Today we look at the Northern Lights and see the satellites of Starlink, the global internet service, slowly float overhead, daisy chaining the mysteries of the night sky into new constellations, new mysteries, and we realise that as the old Gods are forgotten we, modern man, have created our own stars and in our arrogance we have redrawn the heavens, and we have become Gods ourselves.

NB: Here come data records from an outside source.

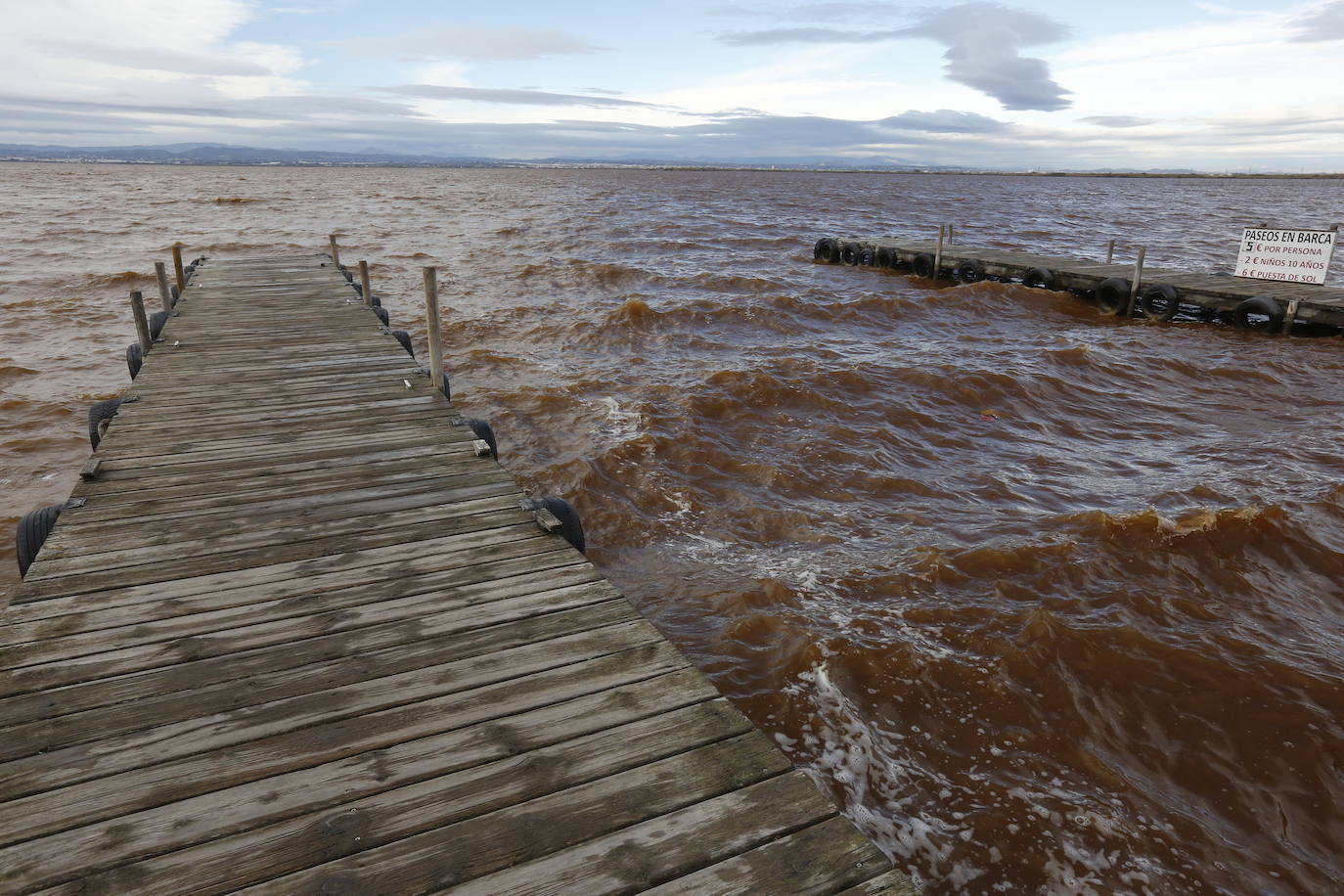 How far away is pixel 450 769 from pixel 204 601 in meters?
2.21

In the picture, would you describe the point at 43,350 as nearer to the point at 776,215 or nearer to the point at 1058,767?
the point at 1058,767

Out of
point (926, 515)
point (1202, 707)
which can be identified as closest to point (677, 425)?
point (926, 515)

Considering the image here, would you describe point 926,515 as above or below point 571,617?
below

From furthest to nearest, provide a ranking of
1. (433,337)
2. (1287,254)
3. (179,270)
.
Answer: (1287,254) → (179,270) → (433,337)

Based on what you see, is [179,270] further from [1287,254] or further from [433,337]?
[1287,254]

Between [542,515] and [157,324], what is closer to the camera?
[542,515]

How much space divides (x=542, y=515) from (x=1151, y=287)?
2032 cm

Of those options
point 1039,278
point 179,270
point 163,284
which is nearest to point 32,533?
point 163,284

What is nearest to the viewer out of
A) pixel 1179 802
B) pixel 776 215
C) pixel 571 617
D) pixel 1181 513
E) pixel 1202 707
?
pixel 571 617

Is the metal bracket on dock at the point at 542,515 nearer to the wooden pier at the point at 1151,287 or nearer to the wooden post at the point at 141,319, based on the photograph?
the wooden post at the point at 141,319

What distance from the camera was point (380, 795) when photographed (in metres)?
2.83

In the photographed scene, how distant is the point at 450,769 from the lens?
2961 millimetres

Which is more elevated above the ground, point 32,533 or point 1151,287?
point 1151,287

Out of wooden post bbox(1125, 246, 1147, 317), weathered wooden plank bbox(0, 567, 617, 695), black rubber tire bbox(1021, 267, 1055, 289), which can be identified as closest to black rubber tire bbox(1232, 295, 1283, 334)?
wooden post bbox(1125, 246, 1147, 317) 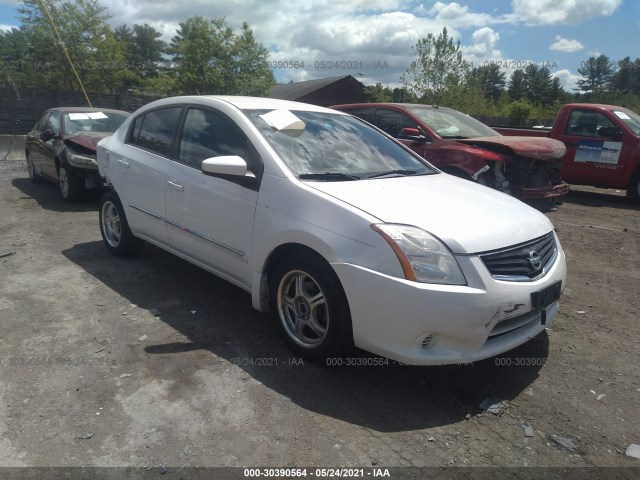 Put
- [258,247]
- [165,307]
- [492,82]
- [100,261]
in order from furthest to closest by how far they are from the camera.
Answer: [492,82]
[100,261]
[165,307]
[258,247]

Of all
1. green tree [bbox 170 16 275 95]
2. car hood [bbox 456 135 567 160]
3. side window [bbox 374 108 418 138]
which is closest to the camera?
car hood [bbox 456 135 567 160]

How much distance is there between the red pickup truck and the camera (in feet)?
31.9

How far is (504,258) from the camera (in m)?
3.04

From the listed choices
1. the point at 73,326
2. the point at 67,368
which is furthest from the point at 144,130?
the point at 67,368

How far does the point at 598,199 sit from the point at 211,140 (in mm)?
9153

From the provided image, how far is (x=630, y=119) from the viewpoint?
10141 millimetres

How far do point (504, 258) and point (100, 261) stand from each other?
4306 millimetres

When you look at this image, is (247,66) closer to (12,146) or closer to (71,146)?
(12,146)

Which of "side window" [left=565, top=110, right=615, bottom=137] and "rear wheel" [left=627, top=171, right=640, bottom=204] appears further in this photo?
"side window" [left=565, top=110, right=615, bottom=137]

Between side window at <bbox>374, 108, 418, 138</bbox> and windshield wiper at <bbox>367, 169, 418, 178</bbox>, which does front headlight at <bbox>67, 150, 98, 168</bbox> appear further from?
windshield wiper at <bbox>367, 169, 418, 178</bbox>

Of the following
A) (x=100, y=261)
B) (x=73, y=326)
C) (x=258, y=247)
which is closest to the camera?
(x=258, y=247)

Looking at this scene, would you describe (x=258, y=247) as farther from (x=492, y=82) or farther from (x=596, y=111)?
(x=492, y=82)


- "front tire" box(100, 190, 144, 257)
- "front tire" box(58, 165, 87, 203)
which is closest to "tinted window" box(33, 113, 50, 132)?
"front tire" box(58, 165, 87, 203)

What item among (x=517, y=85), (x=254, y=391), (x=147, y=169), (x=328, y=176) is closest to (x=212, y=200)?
(x=328, y=176) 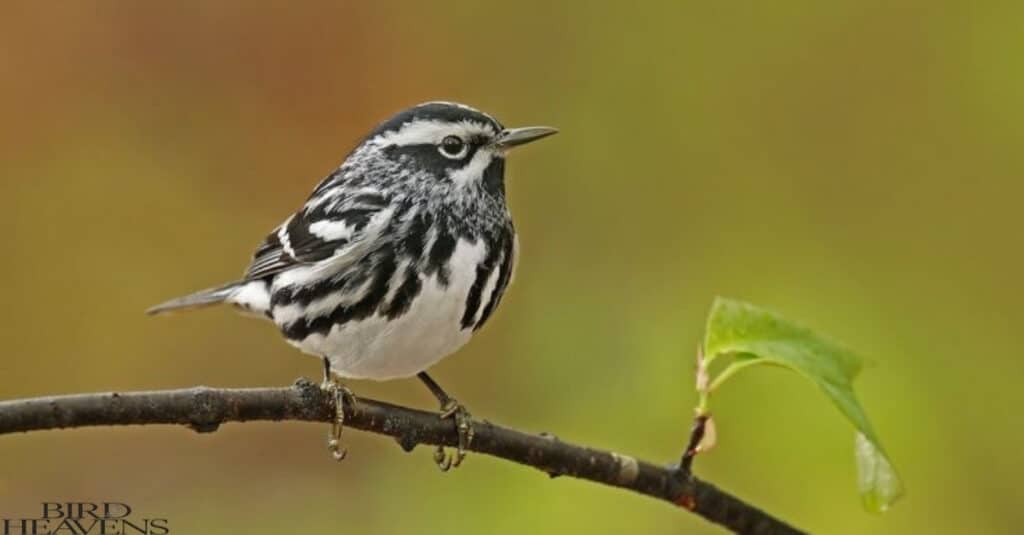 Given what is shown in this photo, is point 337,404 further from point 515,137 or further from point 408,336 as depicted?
point 515,137

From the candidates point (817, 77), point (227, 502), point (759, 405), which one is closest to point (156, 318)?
point (227, 502)

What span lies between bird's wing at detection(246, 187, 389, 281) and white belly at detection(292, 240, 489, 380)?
0.40ft

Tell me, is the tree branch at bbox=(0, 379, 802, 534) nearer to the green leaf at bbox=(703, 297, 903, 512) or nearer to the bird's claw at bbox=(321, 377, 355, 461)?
the bird's claw at bbox=(321, 377, 355, 461)

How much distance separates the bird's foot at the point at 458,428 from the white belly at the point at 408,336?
73 mm

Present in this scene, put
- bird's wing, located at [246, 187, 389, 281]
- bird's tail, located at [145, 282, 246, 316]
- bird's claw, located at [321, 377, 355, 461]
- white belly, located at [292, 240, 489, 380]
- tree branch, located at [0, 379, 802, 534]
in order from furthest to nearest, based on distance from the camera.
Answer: bird's tail, located at [145, 282, 246, 316] → bird's wing, located at [246, 187, 389, 281] → white belly, located at [292, 240, 489, 380] → bird's claw, located at [321, 377, 355, 461] → tree branch, located at [0, 379, 802, 534]

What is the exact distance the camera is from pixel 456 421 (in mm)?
1705

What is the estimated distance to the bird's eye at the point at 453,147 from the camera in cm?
211

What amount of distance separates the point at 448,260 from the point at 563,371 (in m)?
0.99

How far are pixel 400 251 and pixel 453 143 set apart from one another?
23cm

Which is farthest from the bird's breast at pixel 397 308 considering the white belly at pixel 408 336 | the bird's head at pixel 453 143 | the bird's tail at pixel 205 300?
the bird's tail at pixel 205 300

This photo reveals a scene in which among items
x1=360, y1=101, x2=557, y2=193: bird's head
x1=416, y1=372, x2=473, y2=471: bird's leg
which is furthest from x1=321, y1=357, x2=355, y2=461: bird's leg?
x1=360, y1=101, x2=557, y2=193: bird's head

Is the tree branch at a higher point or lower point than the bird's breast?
lower

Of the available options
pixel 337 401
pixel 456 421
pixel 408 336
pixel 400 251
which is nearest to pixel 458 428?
pixel 456 421

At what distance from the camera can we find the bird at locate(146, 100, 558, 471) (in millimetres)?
1910
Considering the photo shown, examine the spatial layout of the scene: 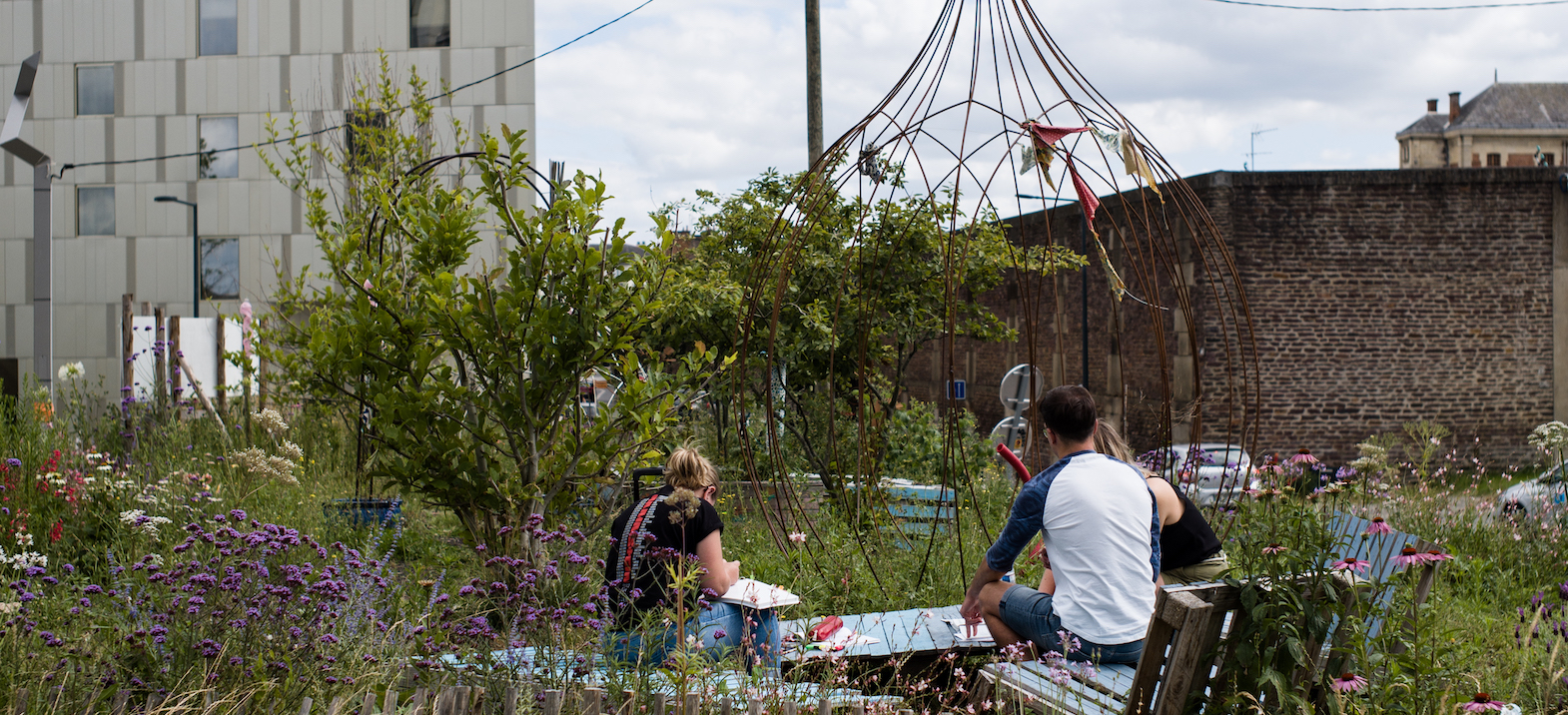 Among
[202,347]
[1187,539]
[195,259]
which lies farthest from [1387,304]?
[195,259]

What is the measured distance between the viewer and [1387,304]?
15.5 m

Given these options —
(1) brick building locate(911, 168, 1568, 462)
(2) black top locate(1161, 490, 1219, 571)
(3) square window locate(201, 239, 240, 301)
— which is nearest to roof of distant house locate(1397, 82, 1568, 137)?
(1) brick building locate(911, 168, 1568, 462)

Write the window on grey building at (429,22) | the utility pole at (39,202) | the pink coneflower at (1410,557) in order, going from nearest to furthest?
the pink coneflower at (1410,557), the utility pole at (39,202), the window on grey building at (429,22)

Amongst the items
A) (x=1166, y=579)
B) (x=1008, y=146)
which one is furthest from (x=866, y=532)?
(x=1008, y=146)

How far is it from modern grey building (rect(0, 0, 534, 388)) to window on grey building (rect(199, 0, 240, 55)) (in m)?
0.03

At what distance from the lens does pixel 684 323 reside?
7.60 m

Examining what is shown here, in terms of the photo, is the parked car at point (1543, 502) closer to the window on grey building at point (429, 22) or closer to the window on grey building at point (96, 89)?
the window on grey building at point (429, 22)

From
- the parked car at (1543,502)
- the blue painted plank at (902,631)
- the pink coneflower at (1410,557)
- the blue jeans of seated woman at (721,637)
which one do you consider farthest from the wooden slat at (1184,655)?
the parked car at (1543,502)

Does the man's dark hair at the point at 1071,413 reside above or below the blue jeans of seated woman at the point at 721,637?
above

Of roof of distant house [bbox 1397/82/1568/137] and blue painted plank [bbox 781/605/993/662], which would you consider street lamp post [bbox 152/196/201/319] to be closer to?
blue painted plank [bbox 781/605/993/662]

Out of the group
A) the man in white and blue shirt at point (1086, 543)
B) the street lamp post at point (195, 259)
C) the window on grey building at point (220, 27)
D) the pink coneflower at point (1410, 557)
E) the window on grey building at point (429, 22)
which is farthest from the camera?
the street lamp post at point (195, 259)

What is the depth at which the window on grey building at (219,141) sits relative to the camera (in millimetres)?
19750

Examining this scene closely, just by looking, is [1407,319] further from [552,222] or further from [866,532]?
[552,222]

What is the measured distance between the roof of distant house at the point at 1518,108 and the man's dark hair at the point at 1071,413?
2181 inches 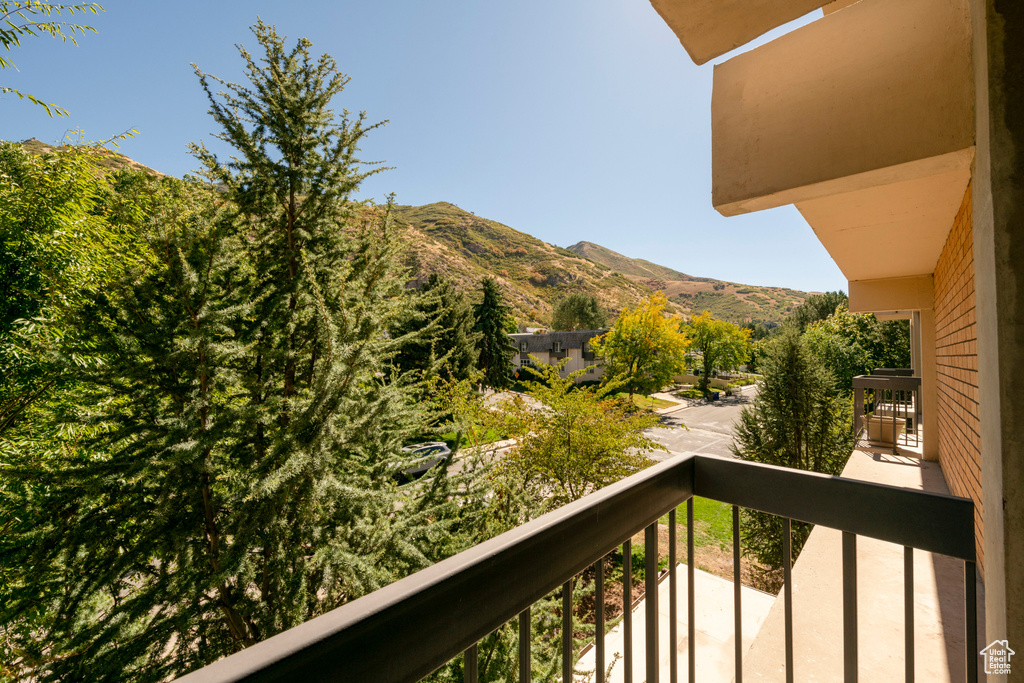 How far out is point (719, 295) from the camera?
117938mm

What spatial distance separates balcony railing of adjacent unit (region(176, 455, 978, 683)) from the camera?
1.70 feet

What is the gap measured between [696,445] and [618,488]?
18543mm

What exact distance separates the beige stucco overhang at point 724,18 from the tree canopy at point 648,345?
74.7 feet

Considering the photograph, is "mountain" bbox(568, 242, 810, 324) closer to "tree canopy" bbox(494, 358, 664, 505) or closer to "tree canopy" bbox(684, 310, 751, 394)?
"tree canopy" bbox(684, 310, 751, 394)

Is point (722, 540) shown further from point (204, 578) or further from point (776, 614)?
point (204, 578)

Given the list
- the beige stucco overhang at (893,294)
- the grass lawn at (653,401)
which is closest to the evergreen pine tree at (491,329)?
the grass lawn at (653,401)

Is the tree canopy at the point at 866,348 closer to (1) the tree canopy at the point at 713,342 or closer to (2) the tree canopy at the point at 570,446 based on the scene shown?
(1) the tree canopy at the point at 713,342

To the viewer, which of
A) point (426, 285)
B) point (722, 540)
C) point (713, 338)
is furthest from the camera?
point (713, 338)

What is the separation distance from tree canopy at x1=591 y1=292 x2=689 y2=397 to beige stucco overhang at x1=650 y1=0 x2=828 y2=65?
74.7ft

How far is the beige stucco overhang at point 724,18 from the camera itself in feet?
4.64

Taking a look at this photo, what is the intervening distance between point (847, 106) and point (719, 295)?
132 m

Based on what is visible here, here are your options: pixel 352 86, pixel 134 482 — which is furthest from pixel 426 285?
pixel 134 482

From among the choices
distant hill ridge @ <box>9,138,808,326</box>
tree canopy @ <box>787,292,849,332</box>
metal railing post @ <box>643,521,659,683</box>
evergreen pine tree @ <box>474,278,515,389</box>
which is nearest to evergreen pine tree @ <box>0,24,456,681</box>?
metal railing post @ <box>643,521,659,683</box>

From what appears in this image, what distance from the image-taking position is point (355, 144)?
499 cm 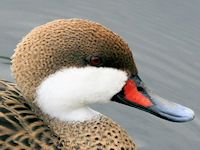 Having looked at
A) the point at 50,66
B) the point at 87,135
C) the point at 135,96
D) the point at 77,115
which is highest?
the point at 50,66

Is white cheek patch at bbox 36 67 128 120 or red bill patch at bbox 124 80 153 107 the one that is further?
red bill patch at bbox 124 80 153 107

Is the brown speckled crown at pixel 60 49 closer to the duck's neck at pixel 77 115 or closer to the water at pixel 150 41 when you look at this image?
the duck's neck at pixel 77 115

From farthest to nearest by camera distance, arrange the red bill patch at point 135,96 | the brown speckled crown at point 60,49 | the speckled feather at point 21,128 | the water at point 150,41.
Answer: the water at point 150,41 → the red bill patch at point 135,96 → the speckled feather at point 21,128 → the brown speckled crown at point 60,49

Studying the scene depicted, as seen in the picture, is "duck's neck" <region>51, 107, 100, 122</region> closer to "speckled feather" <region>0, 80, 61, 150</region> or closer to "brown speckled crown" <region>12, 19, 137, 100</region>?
"speckled feather" <region>0, 80, 61, 150</region>

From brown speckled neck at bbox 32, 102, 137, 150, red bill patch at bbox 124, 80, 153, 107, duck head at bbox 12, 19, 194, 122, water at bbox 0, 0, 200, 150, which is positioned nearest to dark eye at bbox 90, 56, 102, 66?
duck head at bbox 12, 19, 194, 122

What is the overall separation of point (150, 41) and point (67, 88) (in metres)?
2.24

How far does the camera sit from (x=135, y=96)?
3916mm

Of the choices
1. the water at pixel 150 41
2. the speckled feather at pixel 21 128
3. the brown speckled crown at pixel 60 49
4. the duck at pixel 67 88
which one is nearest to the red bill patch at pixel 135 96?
the duck at pixel 67 88

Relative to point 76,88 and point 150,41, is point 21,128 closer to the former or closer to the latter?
point 76,88

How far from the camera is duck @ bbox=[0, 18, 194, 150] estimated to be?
144 inches

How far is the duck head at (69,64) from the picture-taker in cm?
366

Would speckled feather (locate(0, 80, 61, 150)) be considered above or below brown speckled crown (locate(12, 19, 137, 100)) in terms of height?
below

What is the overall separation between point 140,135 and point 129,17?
4.39ft

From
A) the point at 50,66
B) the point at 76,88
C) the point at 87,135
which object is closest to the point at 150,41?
the point at 87,135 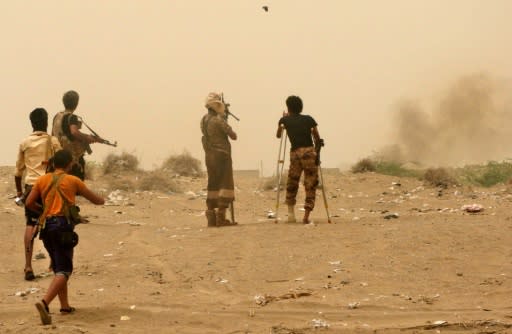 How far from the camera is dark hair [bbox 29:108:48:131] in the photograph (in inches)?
370

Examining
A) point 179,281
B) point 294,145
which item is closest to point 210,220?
point 294,145

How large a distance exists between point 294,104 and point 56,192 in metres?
5.76

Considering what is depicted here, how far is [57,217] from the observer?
23.4 ft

And what would the ancient Gods themselves see if they visited their old temples today? They would flicker swirl and dance for their supplicants far below, but in our ignorance we would leave the henges and the hilltop temples dark: no torches would be lit, no feast fires would burn and no dancers would weave through the writhing, drifting smoke. No prayers and pleas would be shouted above the crackle and flare of the flames. The ancient spirits would see nothing but darkness and neglect where they once saw great temples of soil and stone, teeming with crowds of awestruck worshippers and they would know that mankind has finally forgotten them, that the old ways are lost, and so they would dance alone in the deep black sky, until the creeping dawn banishes them to their cold lonely northern homes once again.
Image is the Northern Lights over Thornborough Central Henge Nov 2023.